Le 5 août, à la résidence de l'ambassadeur du Japon en Côte d'Ivoire, une rencontre d'échanges a réuni des sociétés japonaises opérant dans le pays et Jean-Louis Moulot, ministre délégué auprès du ministre de l'Éducation nationale, de l'Alphabétisation et de l'Enseignement technique, chargé de l'enseignement technique. L'objectif affiché : explorer des pistes de partenariat entre le monde industriel japonais et le dispositif ivoirien d'enseignement technique et de formation professionnelle (ETFP).
Un cadre politique clair : le PND2026-2030
Selon la communication officielle de l'ambassade du Japon, Son Excellence GOMAKUBO Junji, ambassadeur du Japon, a rappelé que cette rencontre s'inscrit dans l'orientation du Plan national de développement (PND) 2026–2030 de la Côte d'Ivoire. Le plan met l'accent sur le développement du capital humain, la montée en compétences et la création d'emplois décents, en donnant un rôle central à l'enseignement technique et à la formation professionnelle.
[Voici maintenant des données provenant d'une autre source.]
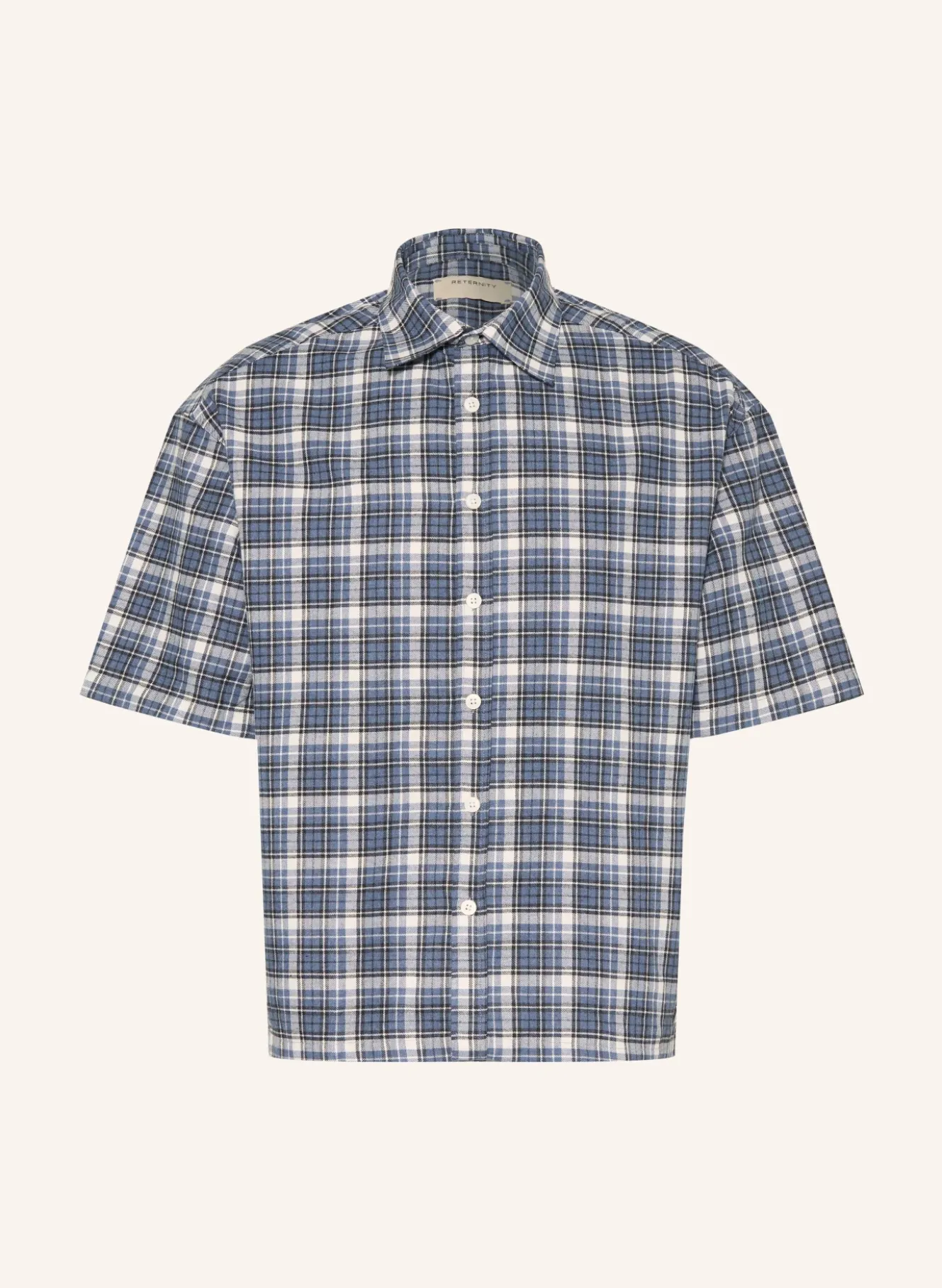 Kurzarm-Hemd Comfort Fit aus Flanell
Lors de l'échange, les participants ont présenté les initiatives menées par les deux pays en matière d'enseignement technique et de formation des ressources humaines et ont discuté des modalités possibles de coopération industrielle et de développement des compétences.
Thèmes abordés et enjeux
- Articulation entre entreprises et centres de formation : faire dialoguer les besoins industriels et les cursus techniques pour améliorer l'employabilité.
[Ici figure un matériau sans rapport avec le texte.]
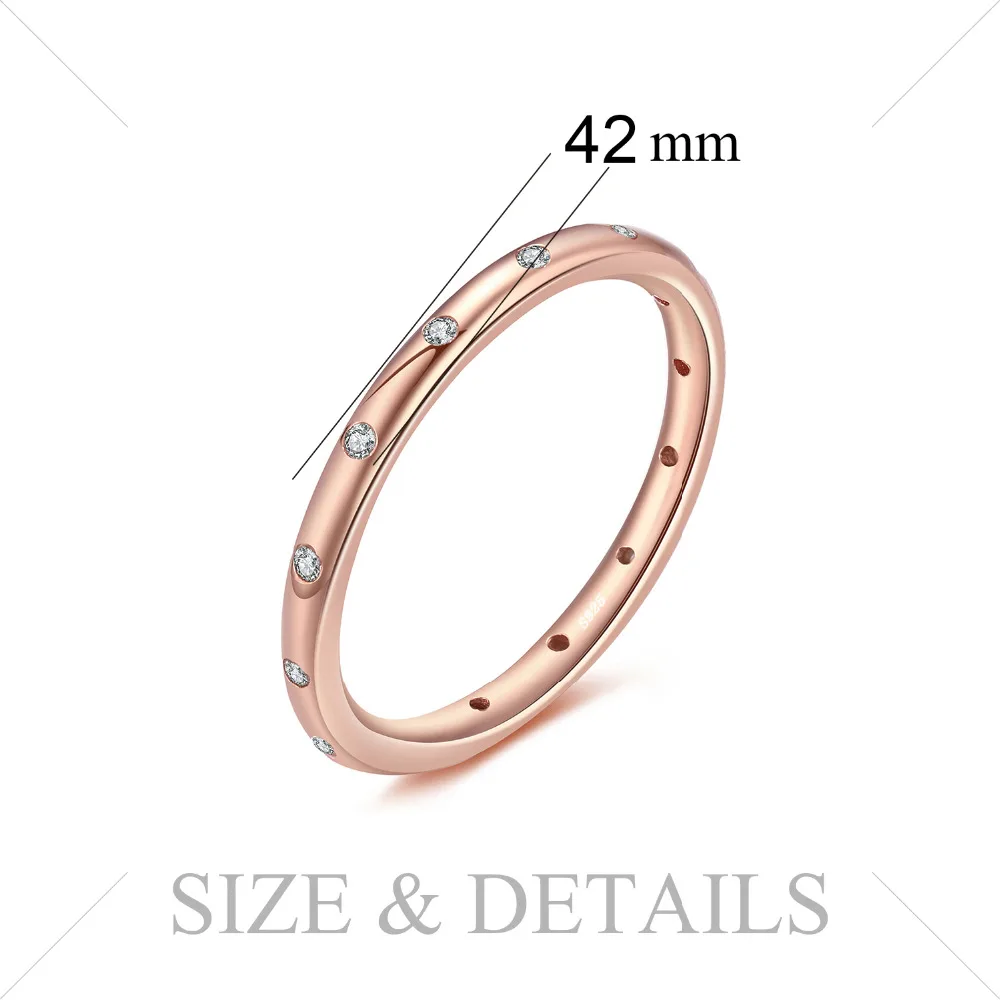 Jewelrypalace 925 пробы серебряный блеск канала набор кольцо из розового золота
- Renforcement des compétences : développer des formations adaptées aux technologies et aux process industriels modernes.
- Création d'emplois décents : l'objectif politique déclaré du PND est d'associer la formation à la création d'emplois stables.
Le ministre Jean-Louis Moulot s'est dit satisfait de la tenue de la rencontre, estimant qu'elle arrive « à point nommé » pour explorer des voies de partenariat structurant entre entreprises japonaises et l'ETFP ivoirien, selon le communiqué.
« Cette rencontre correspond à l'orientation de la Côte d'Ivoire dans le cadre du PND2026-2030 », a indiqué l'ambassade.
Participation et pistes concrètes
Le format de la réunion a permis la présentation croisée des dispositifs : initiatives japonaises portées par des sociétés présentes en Côte d'Ivoire et les orientations politiques ivoiriennes en matière d'enseignement technique et de formation professionnelle. Le communiqué ne détaille pas encore d'accords formels ni de financements précis ; il met plutôt l'accent sur la volonté d'initier des partenariats structurants.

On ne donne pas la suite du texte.